Arbeiten ohne vorherige Anerkennungsverfahren
Deutschland hat seit 2020 ein Fachkräfteeinwanderungsgesetz, um den Zuzug qualifizierter Arbeitskräfte zu fördern. Im November 2023 trat der erste Teil einer von der Ampel-Koalition beschlossenen Reform dieses Gesetzes in Kraft. Er umfasste vor allem Erleichterungen bei der "Blauen Karte EU" sowie für anerkannte Fachkräfte.
Seit März können Fachkräfte mit Abschluss und Berufserfahrung ohne vorheriges Anerkennungsverfahren einreisen und in Deutschland arbeiten. Sie müssen also noch keine in Deutschland anerkannte Ausbildung vorweisen, aber ein Arbeitsplatzangebot mit einem Bruttojahresgehalt von mindestens 40 770 Euro - bei Tarifbindung des Arbeitgebers genügt eine Entlohnung gemäß Tarifvertrag.
Wirtschaft für eine andere "Willkommenskultur"
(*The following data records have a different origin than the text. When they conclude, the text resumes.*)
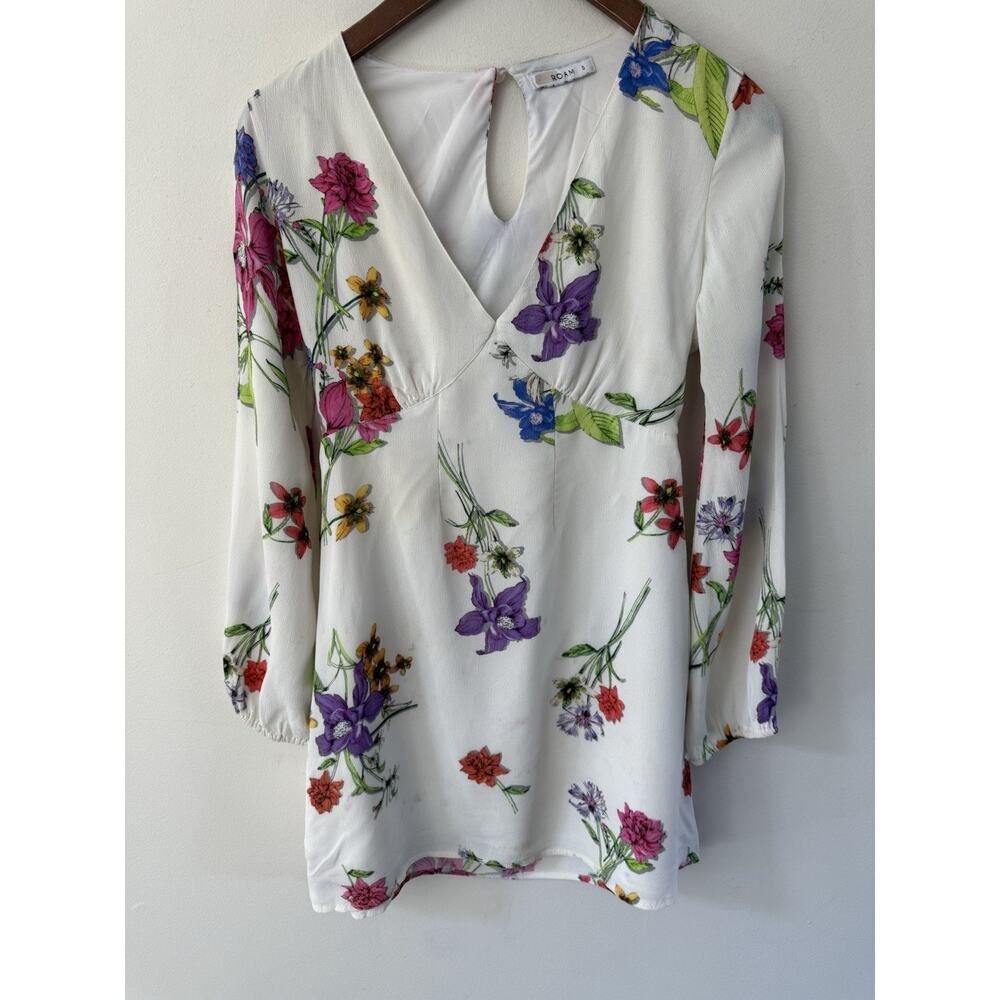 Roam Size Small Sardina Mini Shift Dress White Floral V Neck Cut Out Long Sleeve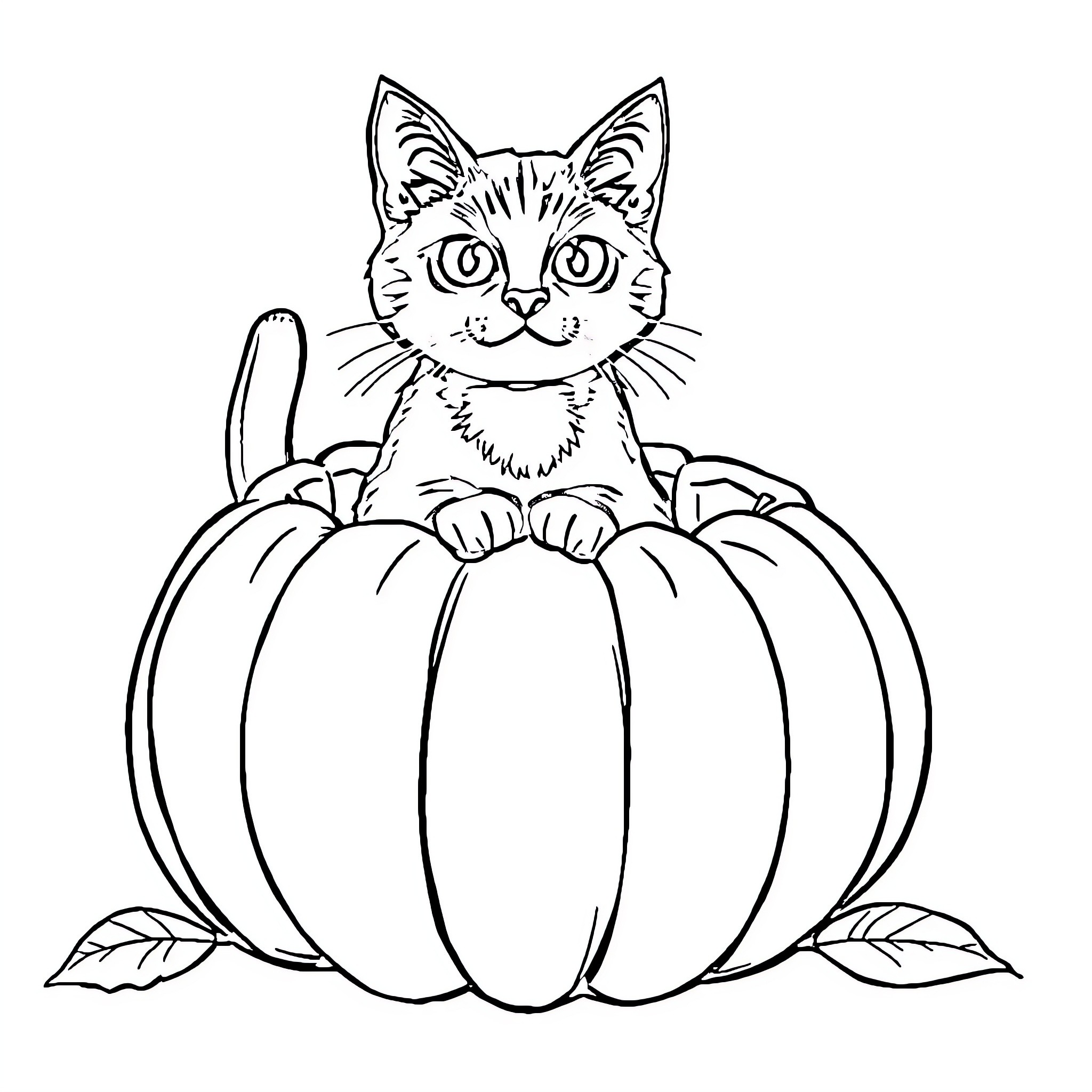 Cat sitting on a pumpkin Coloring Page (free black-and-white line drawing printable PDF for all, from beginners to advanced learners, including children, teens, adults, and seniors)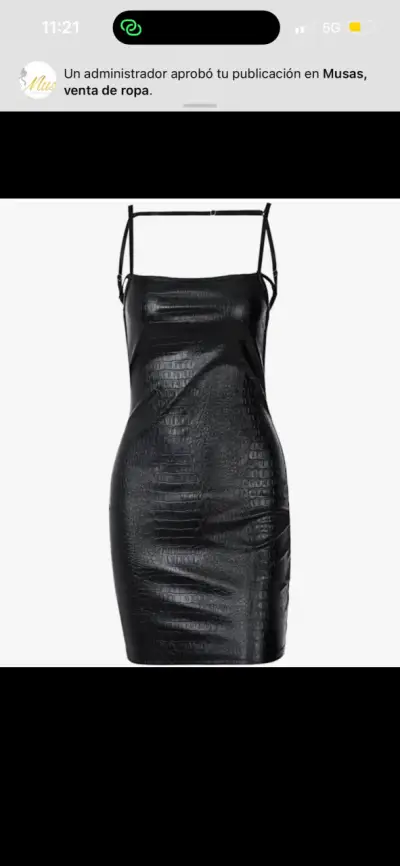 Vestido negro ajustado con diseño de cocodrilo - miniatura 1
Die Wirtschaft begrüßt das neue Gesetz grundsätzlich. "Es ist aber zu kompliziert. In der praktischen Anwendung hinken wir hinterher", meint DIHK-Präsident Adrian. Er spricht sich für eine andere "Willkommenskultur" aus. "Die Botschaft muss lauten: Wir freuen uns, euch hier in Deutschland begrüßen zu können." Das fange bei der Visa-Erteilung an und höre bei der Bereitstellung von Wohnung und Kinderbetreuung auf. "Wir haben hier in vielen Bereichen Defizite."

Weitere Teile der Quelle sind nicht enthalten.